◆ RECORD EXCERPTS:
....

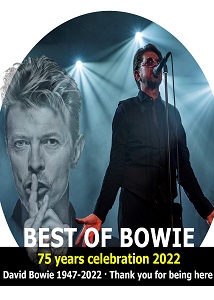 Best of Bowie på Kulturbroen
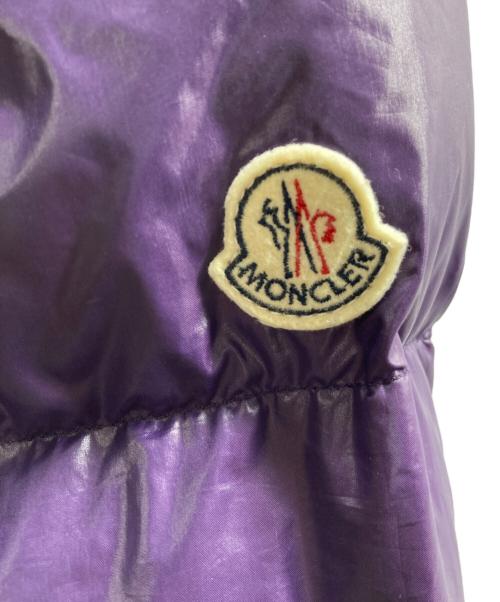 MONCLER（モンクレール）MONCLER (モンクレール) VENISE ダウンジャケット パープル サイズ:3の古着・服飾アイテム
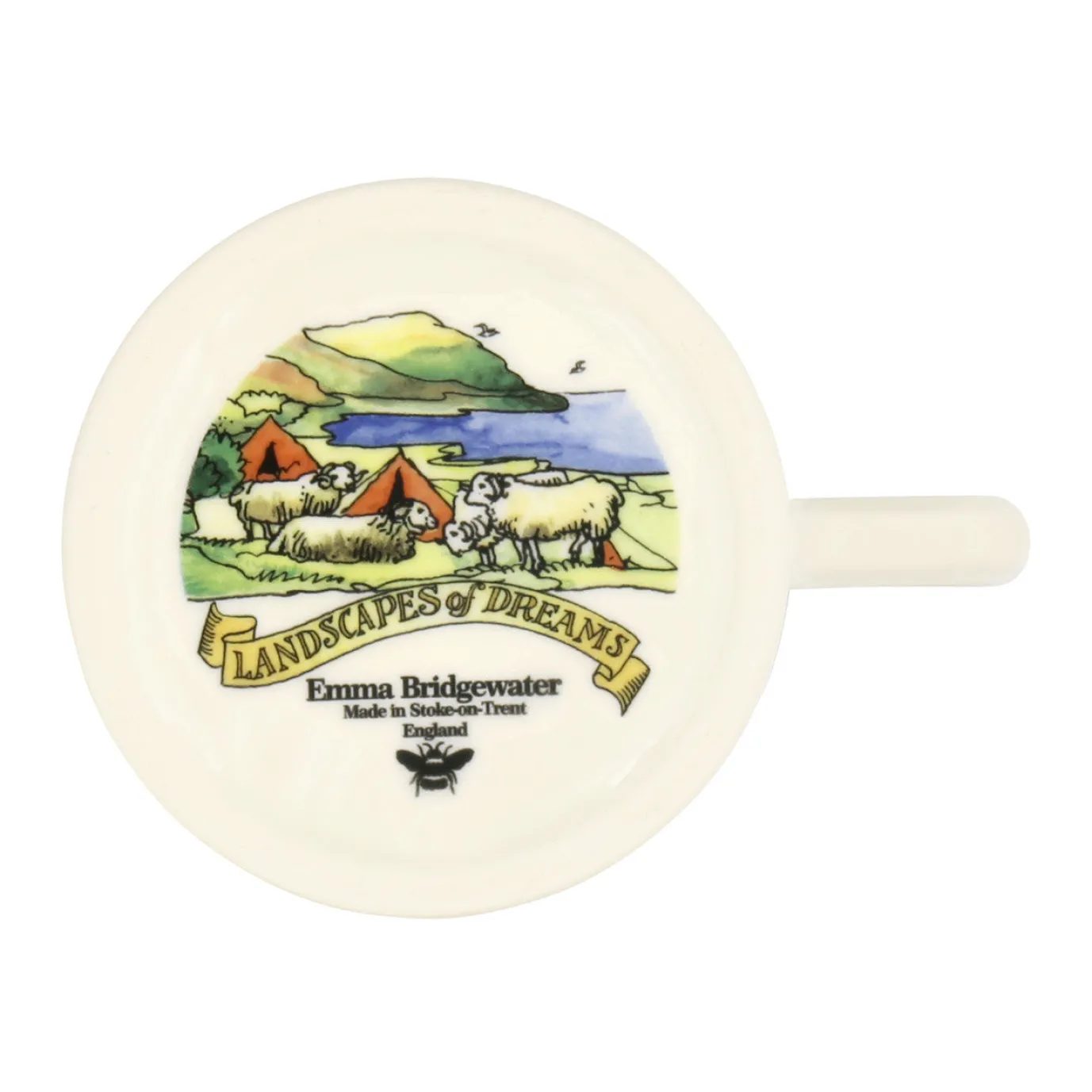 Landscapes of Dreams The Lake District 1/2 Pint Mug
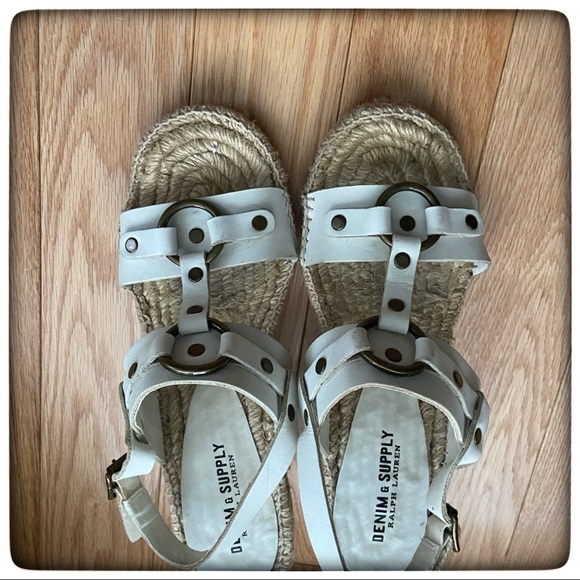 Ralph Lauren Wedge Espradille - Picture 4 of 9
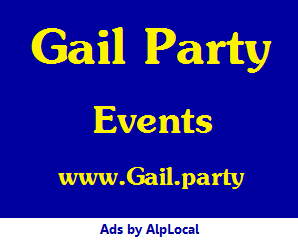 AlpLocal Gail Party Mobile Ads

....

◆ REQUIRED ACTION: No pictures belong in the output. Restate word for word only the lines from the one containing "Ralph Lauren Wedge" to the end of the entries above.

◆ TASK SOLUTION:
 Ralph Lauren Wedge Espradille - Picture 4 of 9
 AlpLocal Gail Party Mobile Ads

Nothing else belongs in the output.